Re: [RFC] block/loop: make loop cgroup aware

2017-08-30 Thread Tejun Heo
Hello, Shaohua.

On Tue, Aug 29, 2017 at 10:07:04PM -0700, Shaohua Li wrote:
> > The association is already coming from the page.  We just need to make
> > sure that going through loop driver doesn't get in the way of the
> > membership getting propagated to the underlying device.
> 
> I think there is confusion. App writes files in upper layer fs on loop. memcg

Ah, yes, for some reason, I was still thinking about direct ios.

> estabilish membership for the pages of these files. Then writeback does write,
> loop then write these pages to under layer fs. The write is done in loop

Yes.

> thread. The write will allocate new page cache for under layer fs files. The
> issue is we must forward memcg info from upper layer files page cache to under
> layer files page cache.

Ah, I see.  We need to assign the ownership of the page cache pages to
the original dirtier.  Yeah, that's a different problem.  For now,
let's concentrate on the dio case.

> > So, this looks like the loop driver is explicitly forwarding the
> > association from the original issuer to the aio command and then from
> > the aio command to the ios to the underlying device.  I'm wondering
> > whether the right way to do this is making aio forward the association
> > by default, instead of the loop driver doing it explicitly.  That way,
> > all aio users can benefit from the forwarding instead of just loop.
> 
> That's possible. The downside doing this in aio is we must audit all fs to 
> make
> sure all bio have association. I'd like to avoid doing this if there is no
> other loop-like cgroup usage.

But wouldn't that mean that we break cgroup membership for aios that
users issue?  Can't we do this in the generic aio layer?

Thanks.

-- 
tejun


Re: [RFC] block/loop: make loop cgroup aware

2017-08-29 Thread Shaohua Li
On Tue, Aug 29, 2017 at 08:28:09AM -0700, Tejun Heo wrote:
> Hello, Shaohua.
> 
> On Tue, Aug 29, 2017 at 08:22:36AM -0700, Shaohua Li wrote:
> > > Yeah, writeback tracks the most active cgroup and associates writeback
> > > ios with that cgroup.  For buffered loop devices, I think it'd be fine
> > > to make the loop driver forward the cgroup association and let the
> > > writeback layer determine the matching association as usual.
> > 
> > Doing this means we must forward cgroup info to page, not bio. I need to 
> > check
> > if we can make the mechanism work for memcg.
> 
> The association is already coming from the page.  We just need to make
> sure that going through loop driver doesn't get in the way of the
> membership getting propagated to the underlying device.

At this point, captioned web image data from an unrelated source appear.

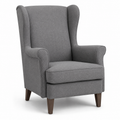 Fauteuil à dossier haut en tissu gris 78x85x100 cm
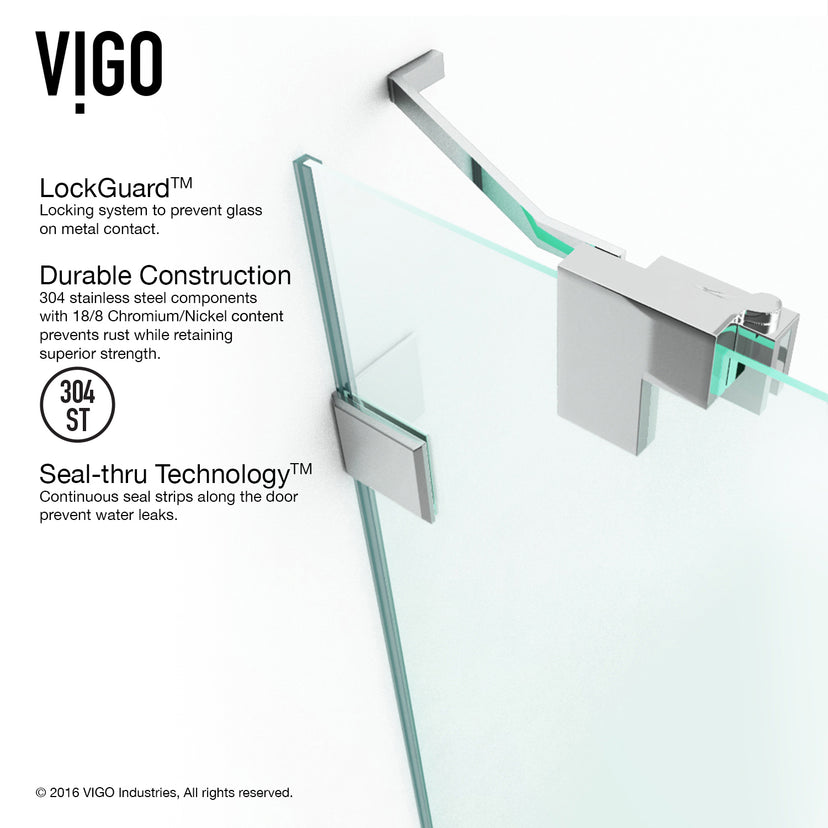 Pirouette 36 to 42 in. W x 72 in. H Frameless Pivot Shower Door and Satro 3-Piece Bath Hardware Set in Chrome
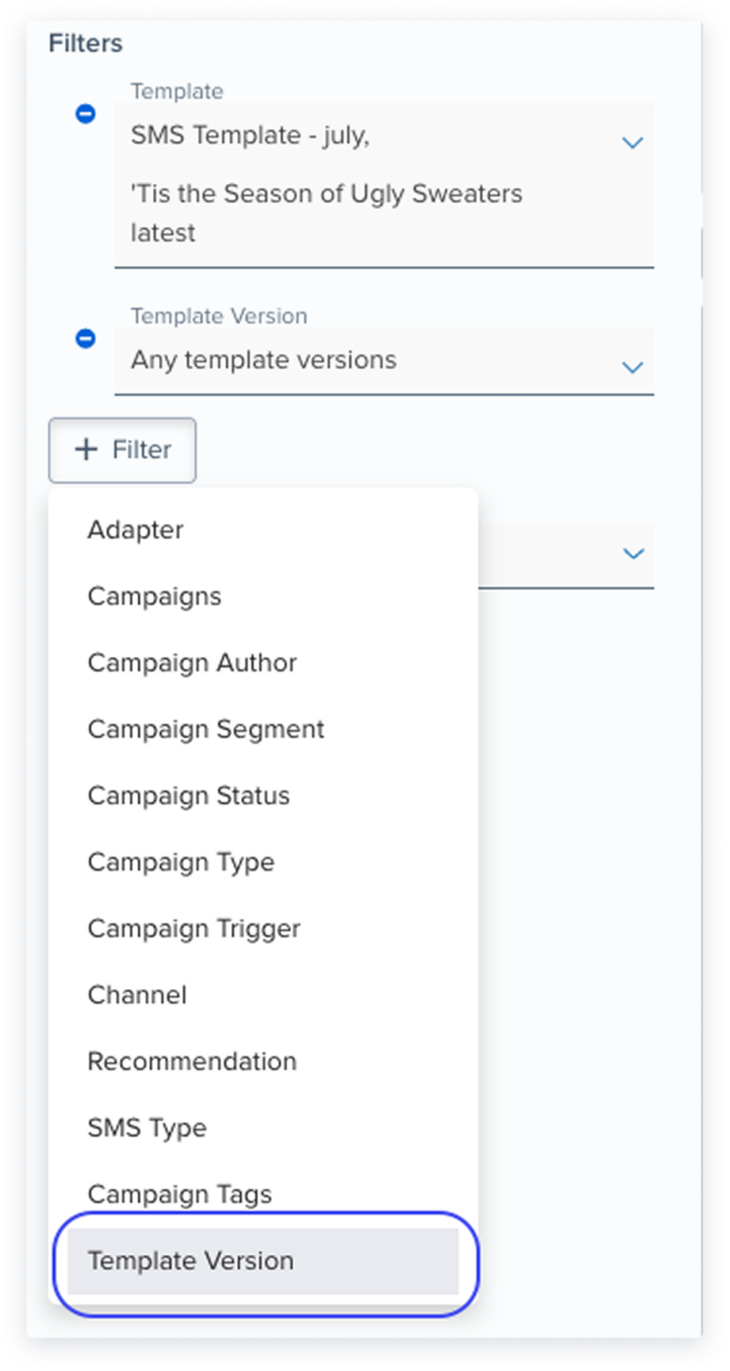 In-app screenshot of filtering, adding 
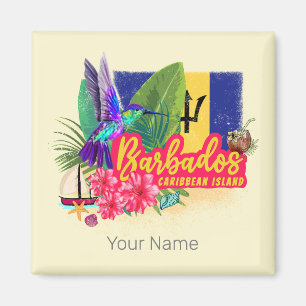Barbados Retro Karibik Vintage Insel Souvenir Magnet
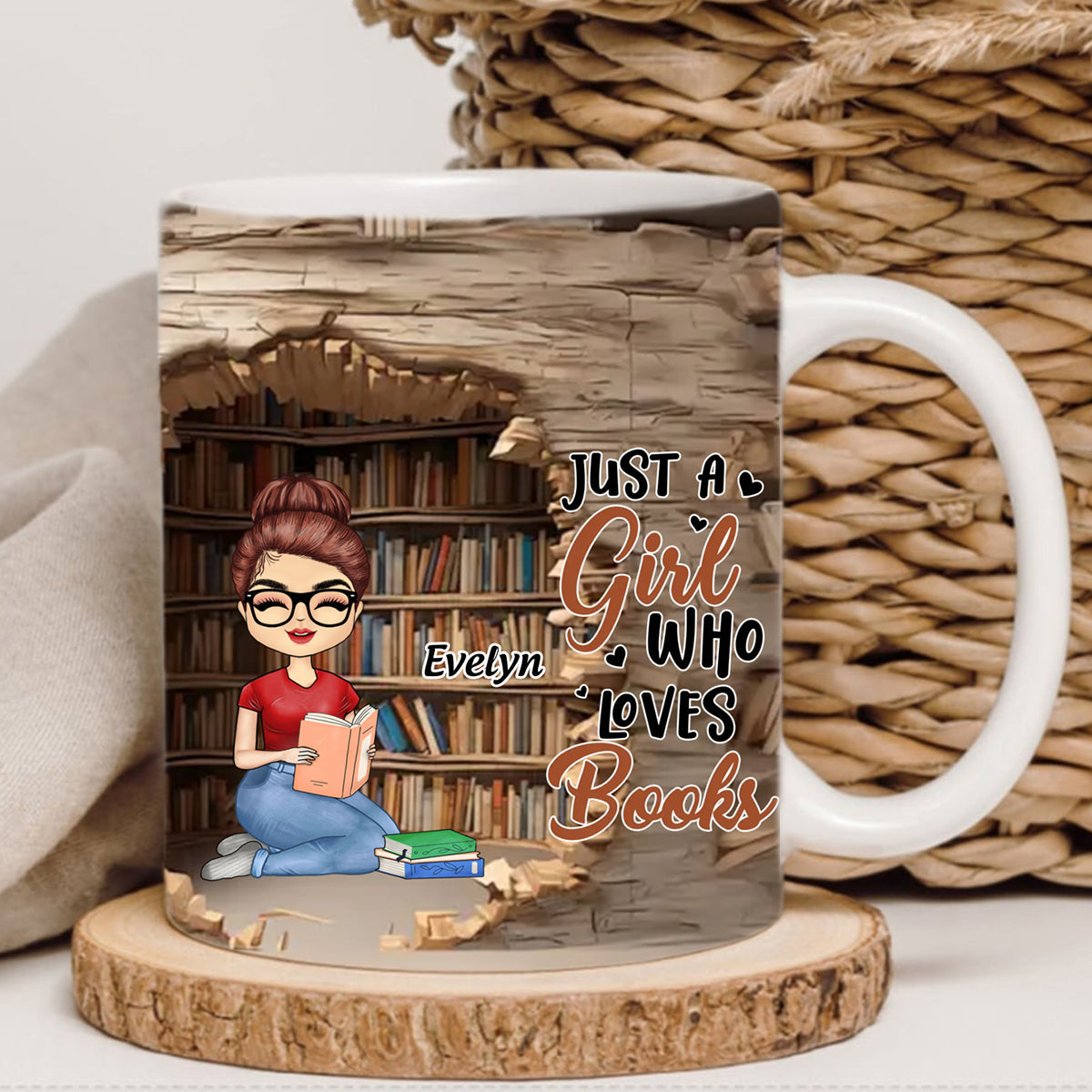 A Girl Who Loves Books Reading - Reading Gift - Personalized Mug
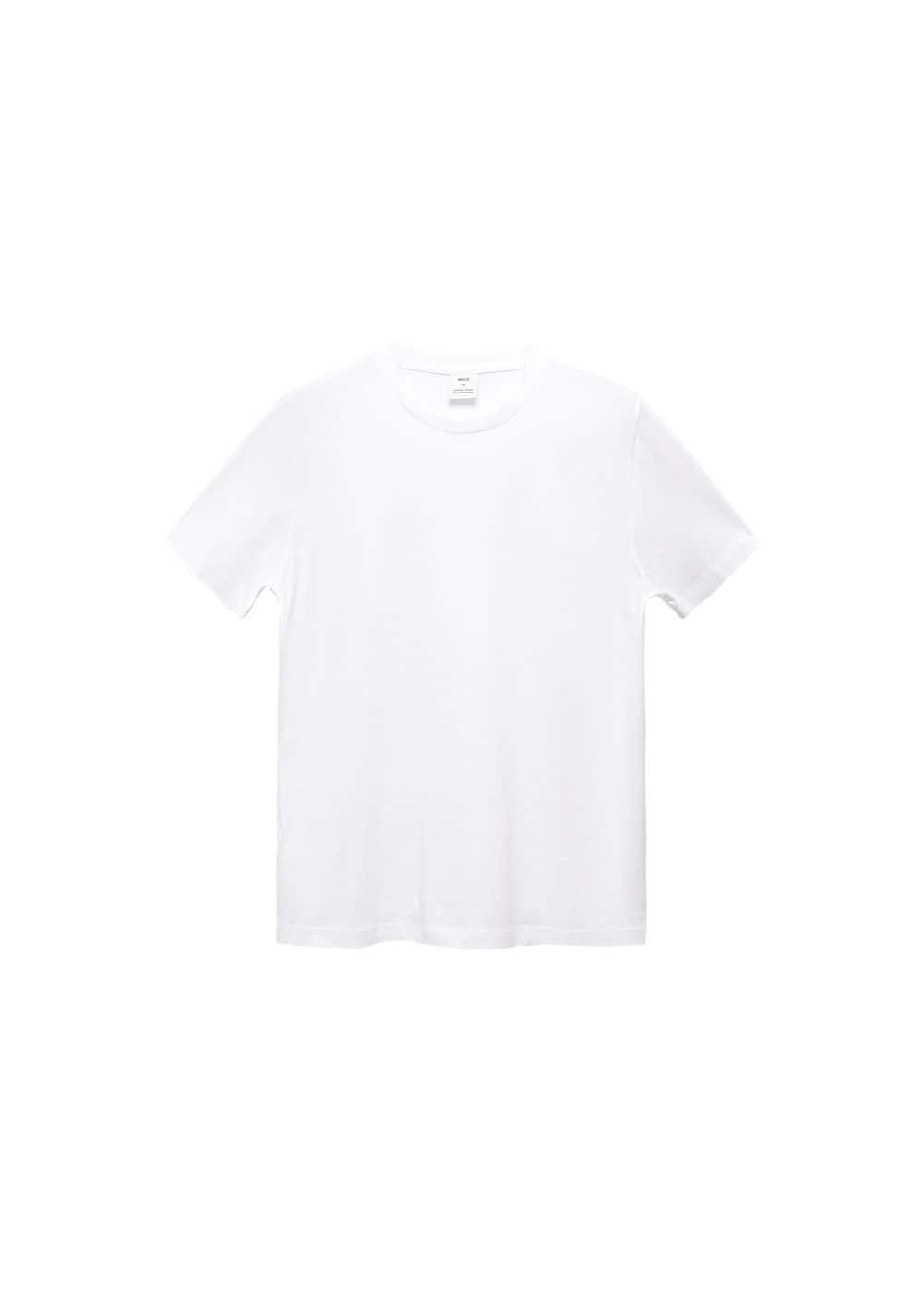 MANGO MAN - Basic cotton stretch T-shirt whiteMen Product Image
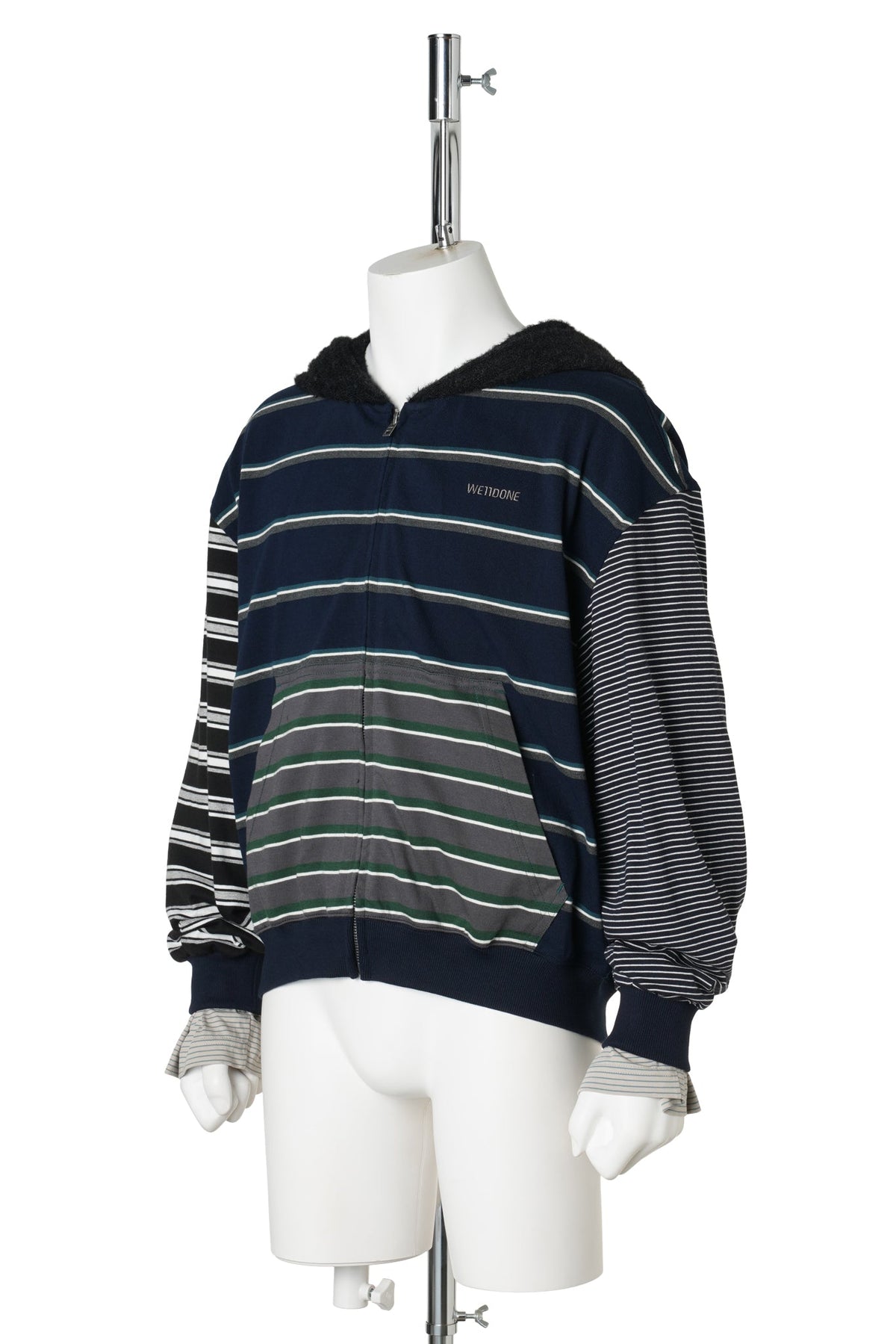 NAVY LAYERED STRIPED HOODIE ZIP-UP / NAVY
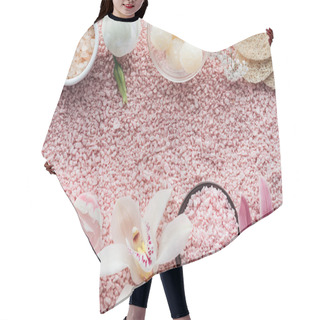 Personality  Top View Of Beautiful Orchid Flowers, Handmade Soap, Sponges And Pink Sea Salt Hair Cutting Cape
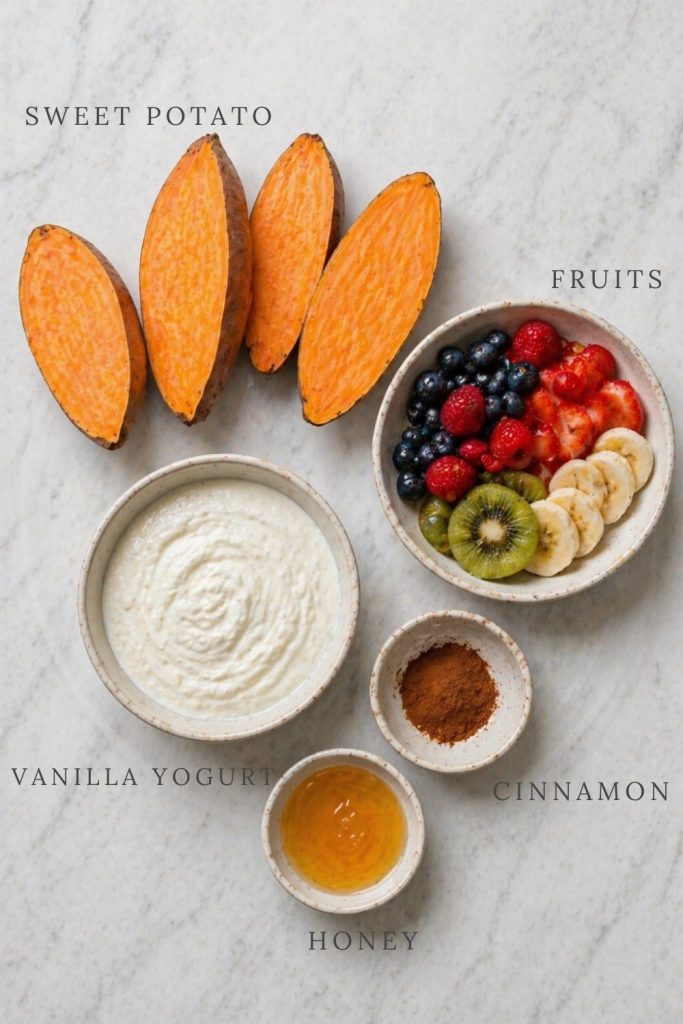 Sweet potato recipe ingredients including sweet potatoes, vanilla yogurt, fresh fruits, granola and honey on a light background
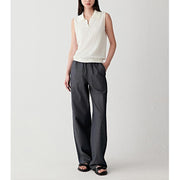 Open-Knit Polo Vest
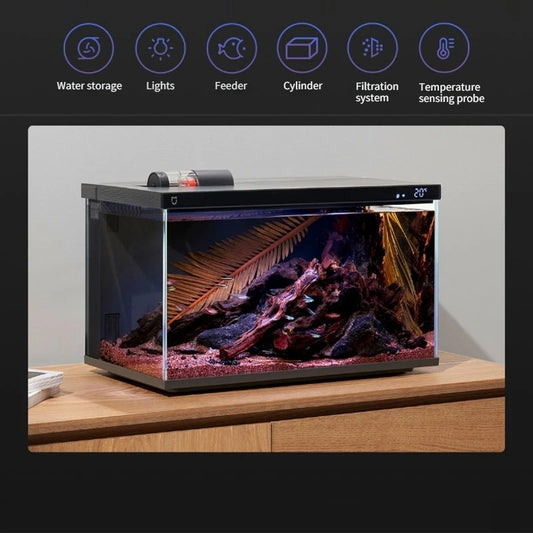 Xiaomi Mijia Smart Fish Tank MYG100 with app-controlled feeding, smart lighting, and filtration system in a modern aquarium setup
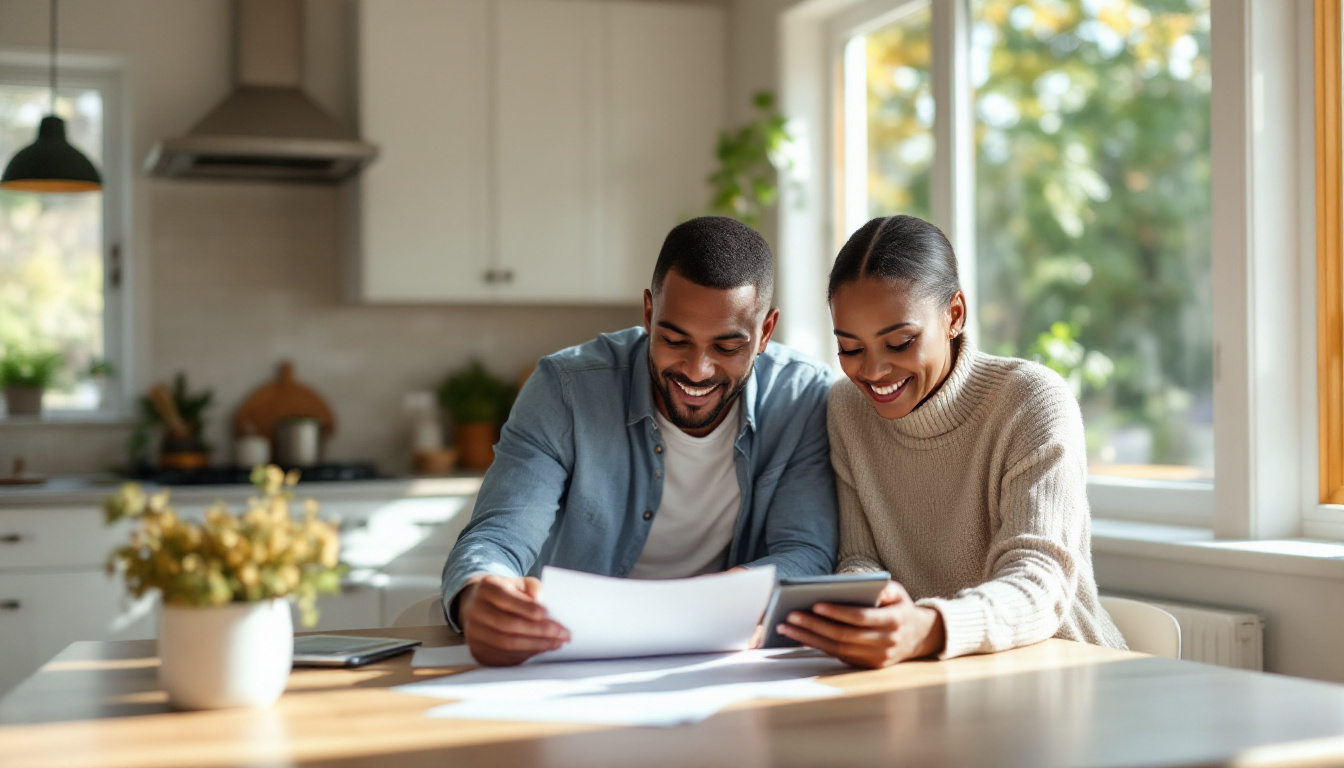 Georgia homeowners reviewing window replacement financing options at a kitchen table with new double pane windows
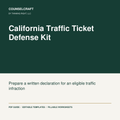 California Traffic Ticket Defense Kit CounselCraft cover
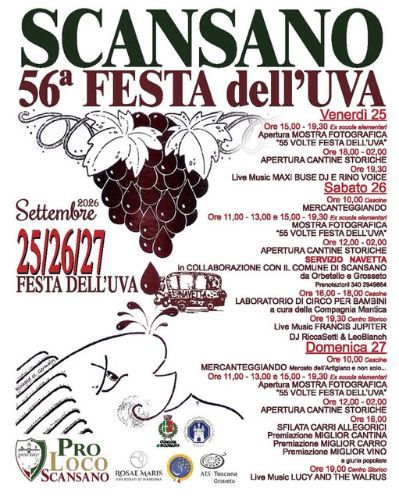 Festa dell’Uva a Scansano: al via la 56ª edizione tra vino, tradizioni e musica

I think there is confusion. App writes files in upper layer fs on loop. memcg
estabilish membership for the pages of these files. Then writeback does write,
loop then write these pages to under layer fs. The write is done in loop
thread. The write will allocate new page cache for under layer fs files. The
issue is we must forward memcg info from upper layer files page cache to under
layer files page cache.

> > > Hmm... why do we need double forwarding (original issuer -> aio cmd ->
> > > ios) in loop?  If we need this, doesn't this mean that we're missing
> > > ownership forwarding in aio paths and should make the forwarding
> > > happen there?
> > 
> > what do you mean double forwarding?
> 
> So, this looks like the loop driver is explicitly forwarding the
> association from the original issuer to the aio command and then from
> the aio command to the ios to the underlying device.  I'm wondering
> whether the right way to do this is making aio forward the association
> by default, instead of the loop driver doing it explicitly.  That way,
> all aio users can benefit from the forwarding instead of just loop.

That's possible. The downside doing this in aio is we must audit all fs to make
sure all bio have association. I'd like to avoid doing this if there is no
other loop-like cgroup usage.

Thanks,
Shaohua


Re: [RFC] block/loop: make loop cgroup aware

2017-08-29 Thread Tejun Heo
Hello, Shaohua.

On Tue, Aug 29, 2017 at 08:22:36AM -0700, Shaohua Li wrote:
> > Yeah, writeback tracks the most active cgroup and associates writeback
> > ios with that cgroup.  For buffered loop devices, I think it'd be fine
> > to make the loop driver forward the cgroup association and let the
> > writeback layer determine the matching association as usual.
> 
> Doing this means we must forward cgroup info to page, not bio. I need to check
> if we can make the mechanism work for memcg.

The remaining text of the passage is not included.